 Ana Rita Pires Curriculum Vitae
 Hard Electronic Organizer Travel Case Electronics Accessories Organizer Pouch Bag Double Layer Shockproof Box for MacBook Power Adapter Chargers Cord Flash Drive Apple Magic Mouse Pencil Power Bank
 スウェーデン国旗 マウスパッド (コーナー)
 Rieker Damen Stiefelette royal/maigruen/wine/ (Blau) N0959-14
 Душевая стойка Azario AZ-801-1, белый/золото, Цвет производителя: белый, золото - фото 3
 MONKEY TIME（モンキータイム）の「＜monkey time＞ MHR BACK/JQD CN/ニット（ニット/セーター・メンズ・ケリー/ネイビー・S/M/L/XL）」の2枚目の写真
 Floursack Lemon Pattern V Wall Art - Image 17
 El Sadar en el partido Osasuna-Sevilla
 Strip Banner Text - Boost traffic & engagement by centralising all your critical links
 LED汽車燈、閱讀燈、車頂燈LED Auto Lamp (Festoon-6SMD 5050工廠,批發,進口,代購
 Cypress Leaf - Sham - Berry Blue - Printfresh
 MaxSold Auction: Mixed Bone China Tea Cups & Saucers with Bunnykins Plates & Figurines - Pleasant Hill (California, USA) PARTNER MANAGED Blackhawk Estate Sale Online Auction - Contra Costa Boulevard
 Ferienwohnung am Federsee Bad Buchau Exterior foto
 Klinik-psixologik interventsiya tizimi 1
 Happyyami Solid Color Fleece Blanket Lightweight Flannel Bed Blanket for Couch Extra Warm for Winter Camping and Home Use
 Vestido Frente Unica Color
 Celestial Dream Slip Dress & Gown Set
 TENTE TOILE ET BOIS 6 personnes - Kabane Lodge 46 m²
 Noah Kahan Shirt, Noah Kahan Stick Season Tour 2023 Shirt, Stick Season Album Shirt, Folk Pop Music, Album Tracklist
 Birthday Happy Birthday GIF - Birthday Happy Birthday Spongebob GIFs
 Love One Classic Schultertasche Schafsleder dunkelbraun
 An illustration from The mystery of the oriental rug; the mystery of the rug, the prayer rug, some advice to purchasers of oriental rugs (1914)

**Assigned task**. Reproduce the full listing above, character for character.

**Written solution**.
 Ana Rita Pires Curriculum Vitae
 Hard Electronic Organizer Travel Case Electronics Accessories Organizer Pouch Bag Double Layer Shockproof Box for MacBook Power Adapter Chargers Cord Flash Drive Apple Magic Mouse Pencil Power Bank
 スウェーデン国旗 マウスパッド (コーナー)
 Rieker Damen Stiefelette royal/maigruen/wine/ (Blau) N0959-14
 Душевая стойка Azario AZ-801-1, белый/золото, Цвет производителя: белый, золото - фото 3
 MONKEY TIME（モンキータイム）の「＜monkey time＞ MHR BACK/JQD CN/ニット（ニット/セーター・メンズ・ケリー/ネイビー・S/M/L/XL）」の2枚目の写真
 Floursack Lemon Pattern V Wall Art - Image 17
 El Sadar en el partido Osasuna-Sevilla
 Strip Banner Text - Boost traffic & engagement by centralising all your critical links
 LED汽車燈、閱讀燈、車頂燈LED Auto Lamp (Festoon-6SMD 5050工廠,批發,進口,代購
 Cypress Leaf - Sham - Berry Blue - Printfresh
 MaxSold Auction: Mixed Bone China Tea Cups & Saucers with Bunnykins Plates & Figurines - Pleasant Hill (California, USA) PARTNER MANAGED Blackhawk Estate Sale Online Auction - Contra Costa Boulevard
 Ferienwohnung am Federsee Bad Buchau Exterior foto
 Klinik-psixologik interventsiya tizimi 1
 Happyyami Solid Color Fleece Blanket Lightweight Flannel Bed Blanket for Couch Extra Warm for Winter Camping and Home Use
 Vestido Frente Unica Color
 Celestial Dream Slip Dress & Gown Set
 TENTE TOILE ET BOIS 6 personnes - Kabane Lodge 46 m²
 Noah Kahan Shirt, Noah Kahan Stick Season Tour 2023 Shirt, Stick Season Album Shirt, Folk Pop Music, Album Tracklist
 Birthday Happy Birthday GIF - Birthday Happy Birthday Spongebob GIFs
 Love One Classic Schultertasche Schafsleder dunkelbraun
 An illustration from The mystery of the oriental rug; the mystery of the rug, the prayer rug, some advice to purchasers of oriental rugs (1914)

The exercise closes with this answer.